- **Assignment**
Reproduce the whole listing word for word. Leave every image out.

- **Input data**
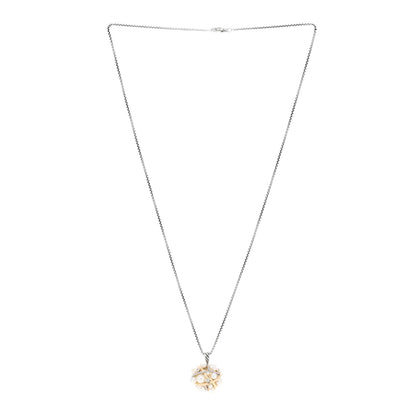 David Yurman Sterling Silver 18K Yellow Gold Diamond Cultured Pearl Cluster Pendant Necklace 3 of 4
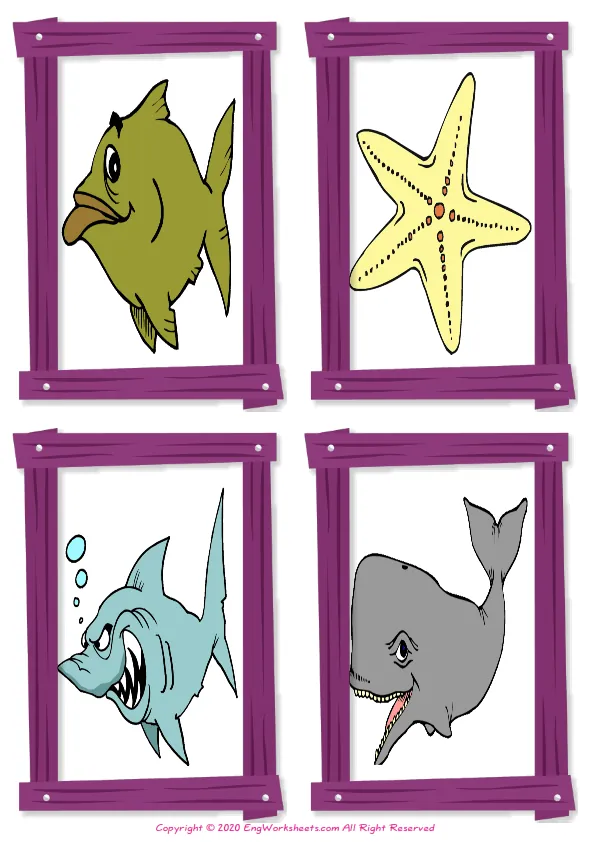 Wordless Sea Animals vocabulary worksheet with four images per page Worksheet Preview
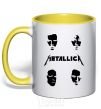 Mug with a colored handle METALLICA FACES yellow фото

- **Answer box**
 David Yurman Sterling Silver 18K Yellow Gold Diamond Cultured Pearl Cluster Pendant Necklace 3 of 4
 Wordless Sea Animals vocabulary worksheet with four images per page Worksheet Preview
 Mug with a colored handle METALLICA FACES yellow фото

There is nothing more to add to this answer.